Godzilla is treated with none of the terror of Edwards’ film nor the fanfare of Dougherty’s. Much like Godzilla 2014, Godzilla vs. Kong makes us wait to get a good look at King Kaiju, but nothing here feels like it’s building towards anything: instead, we’re just left waiting while the script plays for time. Indeed, in functioning as a sequel to both Kong: Skull Island and Godzilla: King of the Monsters, not to mention a loose remake of not one but two classic kaiju films, Godzilla vs. Kong suffers from a surfeit of plot and not enough story.

Perhaps the film’s most fatal – and illuminating – error is in its atrociously written characters. These films have never exactly plumbed the depths, but there have always been moments – Bryan Cranston’s gut-wrenching farewell to his wife, or Serizawa’s (Ken Watanabe) moment of tremendous closure in King of the Monsters – that caught glimpses of real humanity. There is nothing at all like that here, nor is there anything as colourful as Charles Dance’s moustache-twirling or the fun portent of the edict to ‘let them fight’. Instead, Godzilla vs. Kong casts wastes Kyle Chandler in a glorified cameo and casts Brian Tyree Henry as a one-dimensional conspiracy theorist – a bizarre decision given the political and social contexts in which the film was been produced.

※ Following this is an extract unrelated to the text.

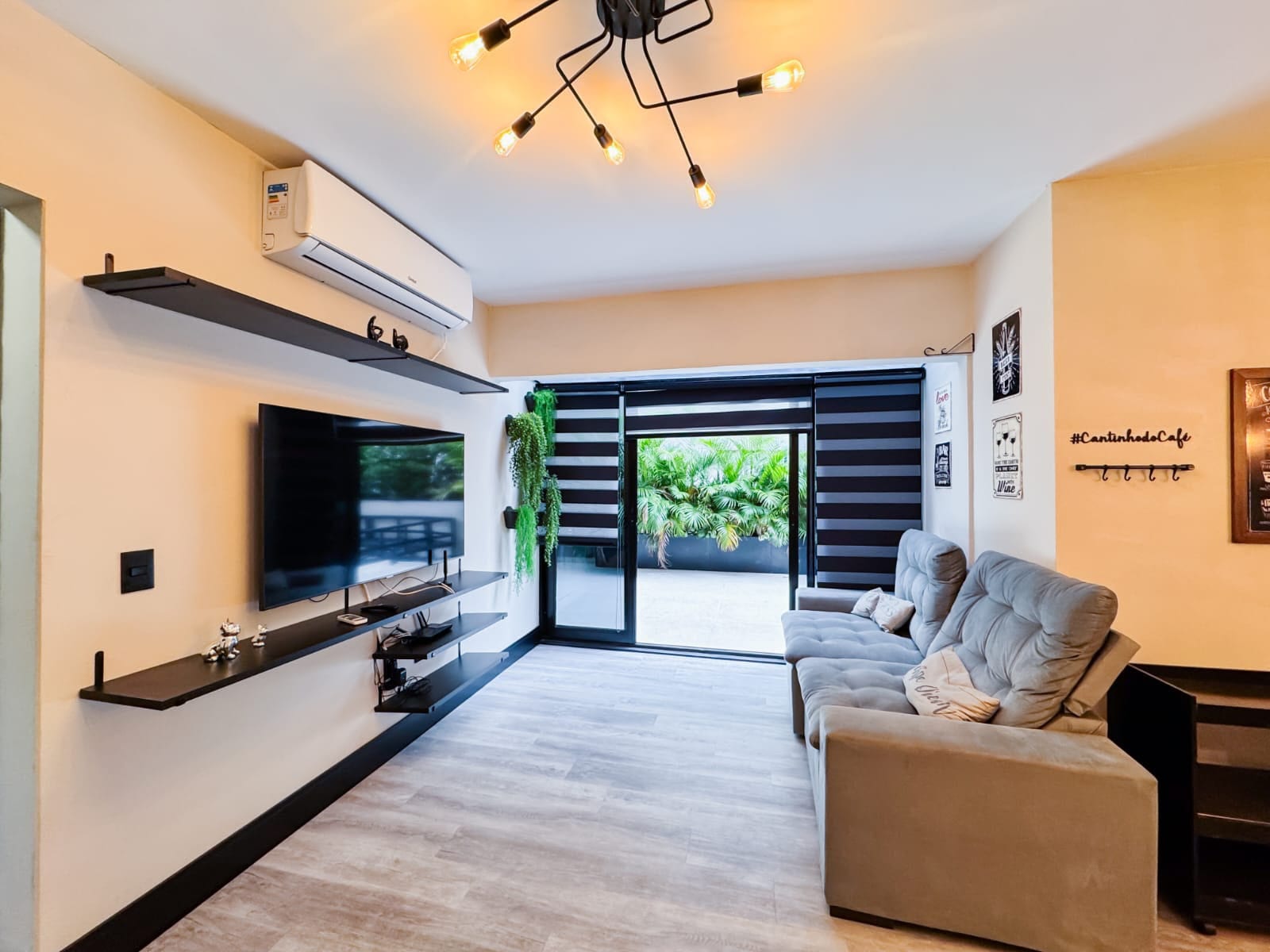 Apartamento 3 dormitórios no Ed. Alzira Maria, Centro, Balneário Camboriú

None of this is to say that Godzilla vs. Kong is unwatchable. Quite the opposite, in fact, with plenty of neat ideas and exciting moments to be found underneath all the narrative contrivance. And on the climactic showdown – essentially a redo of the last film in better weather – the film undoubtedly delivers, with all the monster thumping and building smashing that we could want, not to mention a not-so-surprise late appearance from a classic adversary. Nevertheless, fresh ideas and a sense of the sublime appeal of seeing impossible creatures knock seven bells out of each other is needed if this gigantic franchise is to live to fight another day.